Im glad some people have been successful meeting people online as far as dating. I personally feel its best to meet someone in person and really get to know them, of course my track record aint too good just like music so what to heck do I know.



This is what I know JW:

Everyone I've ever dated - except my current fiance - I've met in real life first. I met them, was initially attracted based on the typical physical responses, started dating them, getting to know their personality SECOND, and then got burned...


My fiance - a totally different story. Her sister introduced us and she lives in a different country in a different part of the world. We had to get to know each other over telephone/Skype/e-mail/letters before we met in person. So basically, we forged our connection and got to know each other's personalities long before the physical connection and the hormones entered the equation.

When we finally did meet in person? Supernova...


Best relationship I've ever been in - by MILES. It's not even close.


I think there is definitely something to be said for getting to know someone's personality before you meet them. The trouble here is - will they reveal their true self to you during that process? Or will they misrepresent themselves? This is the problem that I, and some of my friends, have ran into in the past. Some people are simply not true people, and they will misrepresent themselves in order to "catch" a bride or groom. Once married, they reveal their true colors. And that's a bad thing.

I feel lucky. My fiance and myself are true people - we just don't know any other way to be. So it makes it a lot easier to get to know them and figure out if you're a match.

#112081 by Slacker G
Thu May 20, 2010 5:24 pm
Kruliosis wrote:
Black57 wrote:
Slacker G wrote:Hmmmm,

Two ugly chicks on line are better than one in the house.

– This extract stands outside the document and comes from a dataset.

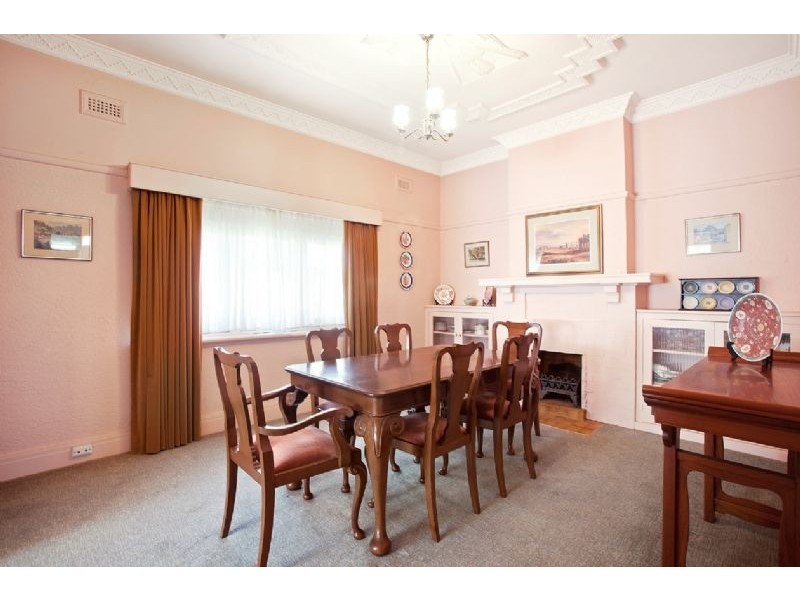 52 Briggs St, Caulfield VIC 3162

Not if the one in the house is cooking your meals and giving you zex. :roll:


I agree with Slacker. I was married once, she became ugly.

Now, I could care less if an ugly chick cooked my meals because having sex with her would ruin my appetite.

I would be better off masterbating and heating up leftovers, or making a sandwich...haha!

Is that too much information?


:lol: Yeah.

Beauty is only skin deep, but ugly goes down to the bone.